I studied engineering, started as a designer, and for years barely wrote any code. Then AI changed that. I can now actually build what I want, prototype fast, contribute to code at work, and turn ideas into real products.
The traditional path used to be: learn for years, then maybe build something. Now it's: have an idea, start building, learn as you go. The tool fills the gaps while you're still figuring things out.
AI doesn't replace taste, judgment, or understanding what makes something good. Those still matter—maybe more than before. What it does is remove the years of syntax memorization and boilerplate writing that kept people from even starting.
I still need to know what I want. I still need to understand structure, performance, user experience. But I don't need to remember every API method or fight with configuration files for hours. That friction is mostly gone.
When you can go from idea to working prototype in hours instead of weeks, you learn faster. You test assumptions sooner. You catch bad ideas before investing months into them.
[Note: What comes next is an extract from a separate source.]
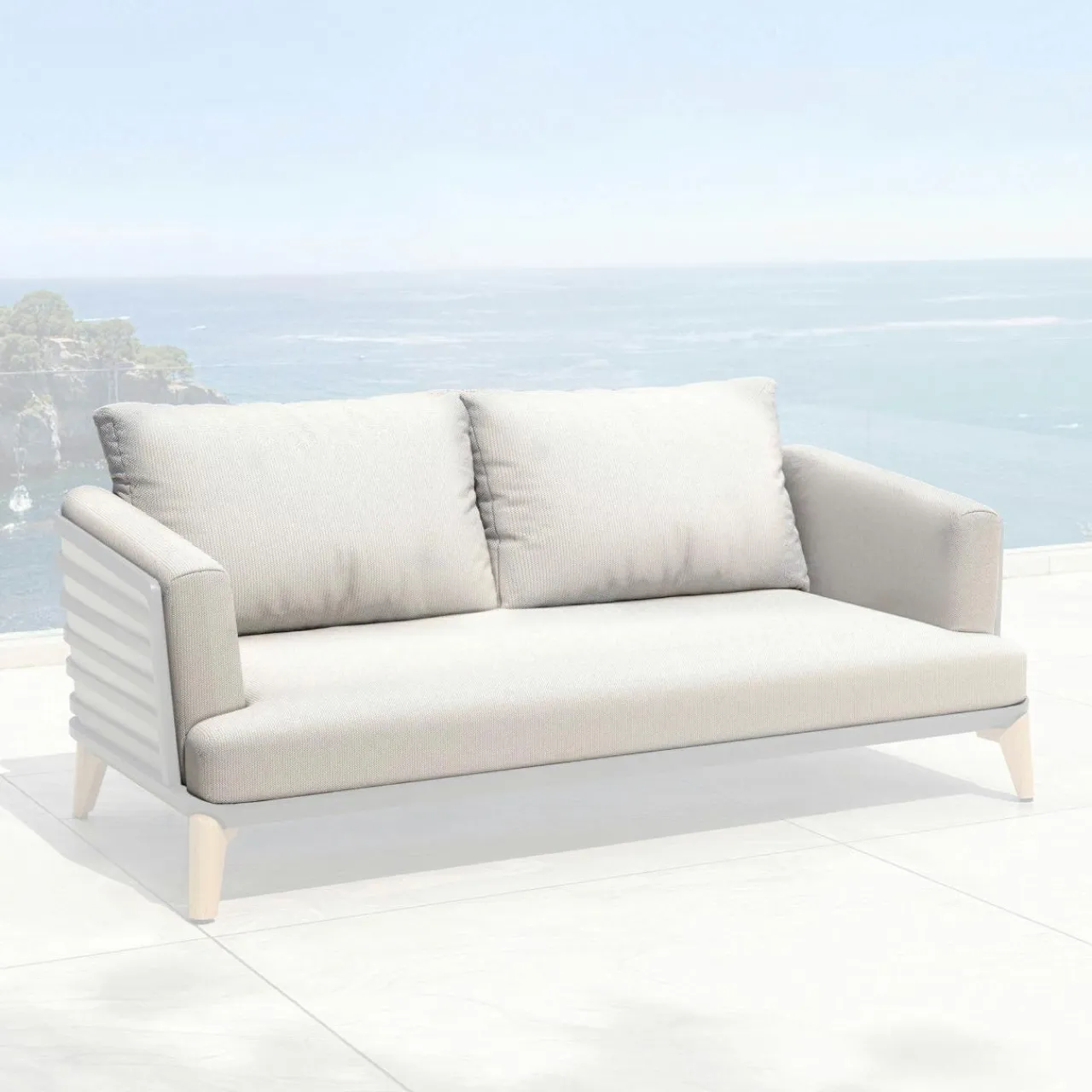 MOBELLIA Housses de coussin de remplacement pour Canapé 2 places Monte Carlo Gris clair Hot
At work, this changes how we build. Features that would've needed careful planning and specialist developers can now be sketched out, tested with users, and iterated on before committing to a full implementation. The feedback loop is tighter.
The gap between "I wish this existed" and "here's a working version" is smaller than it's ever been. That's powerful for anyone who wants to make things but didn't have the traditional path to get there.
I just love making stuff, and AI lets me do more of it. That's pretty cool.